This research poses as many questions as it answers. For example, why is homeostasis inhibited during sleep? Turrigiano suggests that homeostatic plasticity may interfere with a sleep-dependent process that strengthens memories. Using behavioral states such as sleep and wake to temporally segregate distinct forms of plasticity may alleviate this interference problem.

Gina Turrigiano is the Joseph J. Levitan Chair in Visual Sciences at Brandeis, and was elected to the National Academy of Sciences in 2013. In 2000, at the age of 37, she won a MacArthur Fellowship, or 'genius' award. Her groundbreaking work has focused on the cellular processes that allow neuronal circuits in the brain to change and adapt. Her lab has played a major role in identifying the key mechanisms underlying homeostatic plasticity, or a neuron's ability to dynamically seek stability despite changes induced by learning or development.

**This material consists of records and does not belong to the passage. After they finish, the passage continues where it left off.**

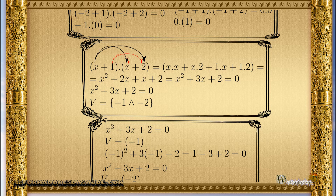We get x squared plus 3x plus 2 equals 0. Remember that this equation is the same as the multiplication of the two first-degree equations, so the roots — the values that zero the equation — must be the same.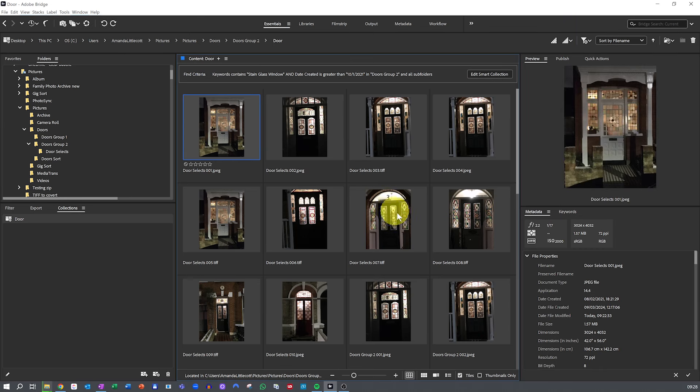Combine color coding or star rating with Smart Collections in Adobe Bridge. Start by using color labels or star ratings to tag your photos based on status or quality. Use green for fully edited photos, yellow for photos that need reviewing,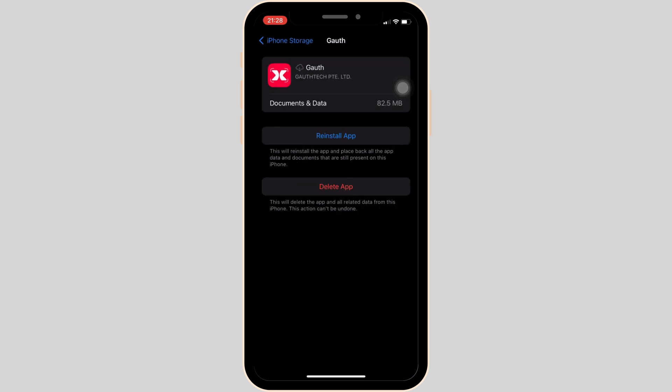Offloading the app means clearing the cache and storage of the application. It will remove all unwanted bugs and make your application run smoothly. It might also fix the issue you have been facing, and then you'll be good to go.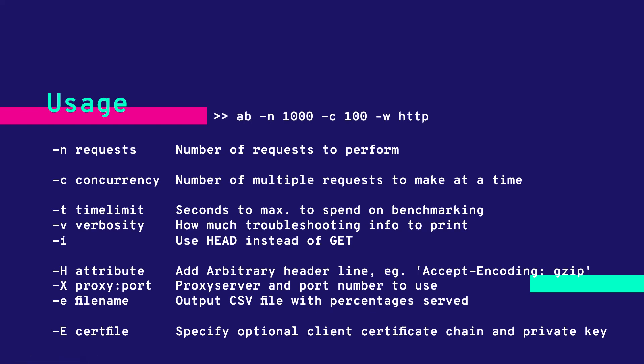This is the simple AB command where we are sending 1000 requests with the concurrency of 100 to the localhost URL.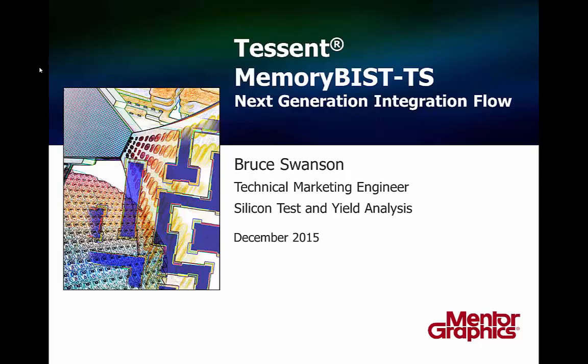Hello, my name is Bruce Swanson, and I'm a technical marketing engineer at Mentor Graphics. In this video session, I'd like to show you how to use Tessent MemoryBIST, and specifically the DFT Visualizer tool, to implement and make edits to your DFT specification.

This latest research in Cell, led by postdoctoral fellow Keith Hengen, broke new ground as it explored neuronal homeostasis in the context of freely behaving rats (most research in the past has relied upon cell cultures or anesthetized animals). In this work, rats with occlusion of vision from one eye were observed over nine days during sleep and wake periods. Electrodes inserted in the animals' visual cortex recorded the firings of many individual neurons; these neurons were then followed for nine days, producing a total of six terabytes of data. Algorithms developed in Turrigiano's lab with the help of Brandeis assistant professor Steven Van Hooser enabled the analysis of these enormous and complex datasets.

Turrigiano expects these computational methods to open new avenues of research for her lab, enabling far longer observation of rats' brains and with greater precision.

Some of the key questions arising from the study include:

• What it is about sleep that impedes homeostasis?

• How is it possible for the brain to quickly shift in and out of periods of homeostasis depending on the sleep state?

• What is it about being awake that incites and necessitates the activation of homeostatic regulation?